Nickels Deli
- Company type: Private
- Industry: Food service
- Founded: 1990 in Canada
- Founders: Céline Dion, etc.
- Headquarters: Canada
- Areas served: Canada (primarily Quebec and formerly Ontario)
- Owner: Foodtastic
- Website: Nickels Deli & Bar

= Nickels Grill & Bar =

Canadian casual dining restaurant chain

Nickels is a Canadian casual dining restaurant chain. The restaurant has an extensive menu ranging from complete breakfasts to hamburgers, milkshakes, pizza, chicken, ribs, salads and a number of sandwiches, including Montreal-style smoked meat.

==History==
Nickels was originally created by pop diva Céline Dion and four friends, who opened their first restaurant in 1990. The name came from Dion and her husband René Angélil's lucky number, 5. The parent company claims an ongoing business relationship with Dion.
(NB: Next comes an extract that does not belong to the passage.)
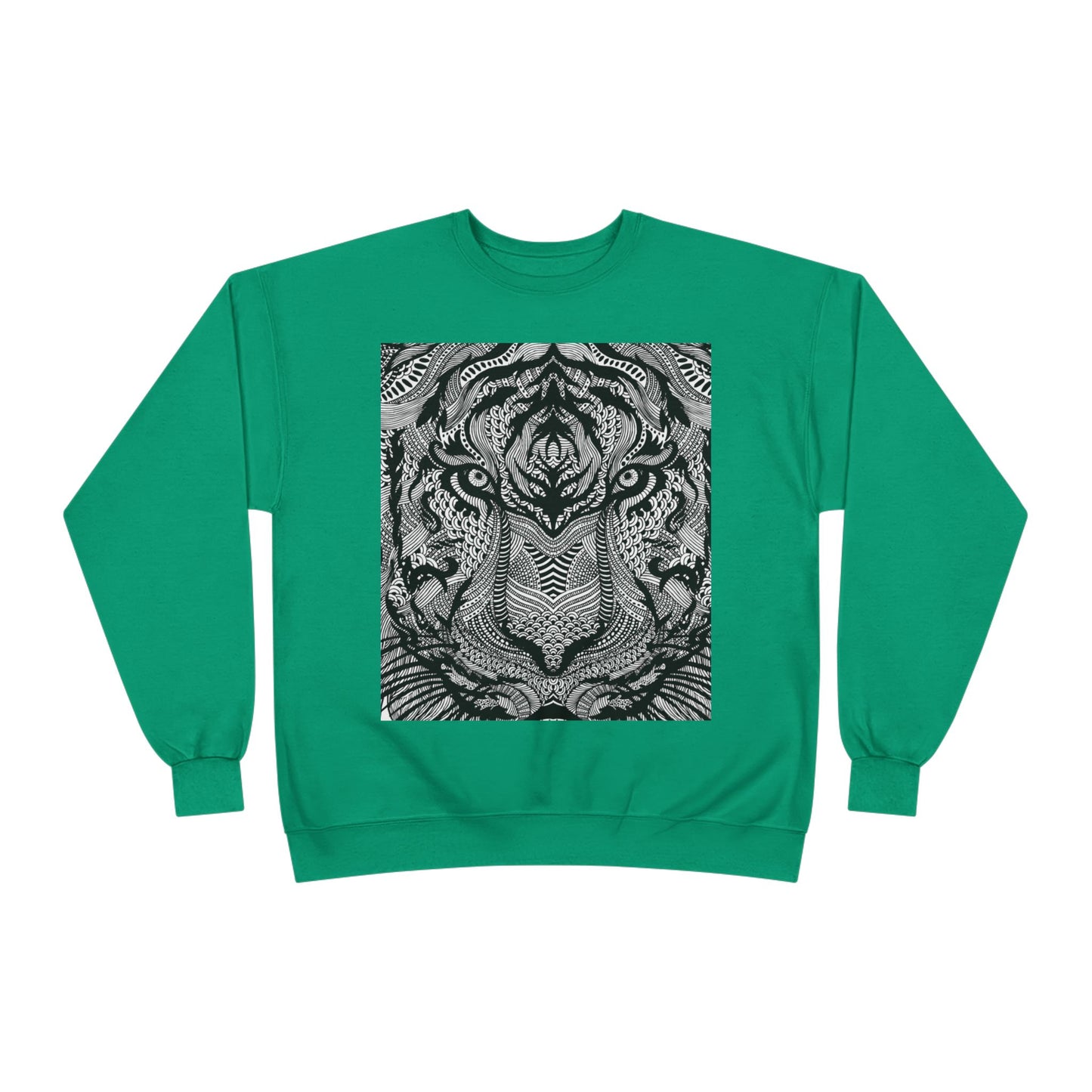Unisex EcoSmart Tiger Graphic Crewneck Sweatshirt - Bold Black & White Design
Nickels has since expanded to several franchised restaurants located primarily in Quebec and Ontario. Originally designed to resemble a typical North American family diner, Nickels redesigned some of its restaurants and introduced a grill and bar concept. The most recent iteration is operating as Nickels Delicatessen with a deli and bar concept. The restaurant is known for serving Montreal-style smoked meat.

Nickels is now part of the Foodtastic group of restaurants which also includes Les Rôtisseries Benny, La Belle & La Boeuf, Souvlaki Bar, Carlos & Pepe's, Vinnie Gambini's Italian Restaurants, Bacaro, Chocolato, Big Rig, Monza and Au Coq.